** Opening ENTRIES SUPPLIED block **

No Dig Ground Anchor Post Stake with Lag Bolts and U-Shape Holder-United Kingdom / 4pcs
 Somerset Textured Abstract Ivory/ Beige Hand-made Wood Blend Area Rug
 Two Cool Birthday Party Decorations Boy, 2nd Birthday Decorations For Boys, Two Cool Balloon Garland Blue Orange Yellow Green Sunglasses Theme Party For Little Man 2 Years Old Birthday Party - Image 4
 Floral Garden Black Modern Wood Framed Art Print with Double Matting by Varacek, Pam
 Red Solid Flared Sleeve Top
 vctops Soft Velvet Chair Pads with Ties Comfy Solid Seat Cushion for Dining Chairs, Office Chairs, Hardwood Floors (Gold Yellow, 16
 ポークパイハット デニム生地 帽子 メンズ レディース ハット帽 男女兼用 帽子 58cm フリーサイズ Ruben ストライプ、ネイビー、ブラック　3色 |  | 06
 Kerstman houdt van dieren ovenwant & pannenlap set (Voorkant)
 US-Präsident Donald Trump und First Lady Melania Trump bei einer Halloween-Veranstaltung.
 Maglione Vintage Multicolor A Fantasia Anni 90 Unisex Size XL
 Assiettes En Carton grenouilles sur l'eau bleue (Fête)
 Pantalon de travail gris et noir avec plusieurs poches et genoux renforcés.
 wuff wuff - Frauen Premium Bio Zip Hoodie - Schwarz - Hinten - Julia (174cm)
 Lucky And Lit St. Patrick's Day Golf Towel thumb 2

** Closing ENTRIES SUPPLIED block **

> _PROBLEM DETAILS_: The response should contain each record above, retyped exactly.

> _EXPECTED OUTPUT_:
No Dig Ground Anchor Post Stake with Lag Bolts and U-Shape Holder-United Kingdom / 4pcs
 Somerset Textured Abstract Ivory/ Beige Hand-made Wood Blend Area Rug
 Two Cool Birthday Party Decorations Boy, 2nd Birthday Decorations For Boys, Two Cool Balloon Garland Blue Orange Yellow Green Sunglasses Theme Party For Little Man 2 Years Old Birthday Party - Image 4
 Floral Garden Black Modern Wood Framed Art Print with Double Matting by Varacek, Pam
 Red Solid Flared Sleeve Top
 vctops Soft Velvet Chair Pads with Ties Comfy Solid Seat Cushion for Dining Chairs, Office Chairs, Hardwood Floors (Gold Yellow, 16
 ポークパイハット デニム生地 帽子 メンズ レディース ハット帽 男女兼用 帽子 58cm フリーサイズ Ruben ストライプ、ネイビー、ブラック　3色 |  | 06
 Kerstman houdt van dieren ovenwant & pannenlap set (Voorkant)
 US-Präsident Donald Trump und First Lady Melania Trump bei einer Halloween-Veranstaltung.
 Maglione Vintage Multicolor A Fantasia Anni 90 Unisex Size XL
 Assiettes En Carton grenouilles sur l'eau bleue (Fête)
 Pantalon de travail gris et noir avec plusieurs poches et genoux renforcés.
 wuff wuff - Frauen Premium Bio Zip Hoodie - Schwarz - Hinten - Julia (174cm)
 Lucky And Lit St. Patrick's Day Golf Towel thumb 2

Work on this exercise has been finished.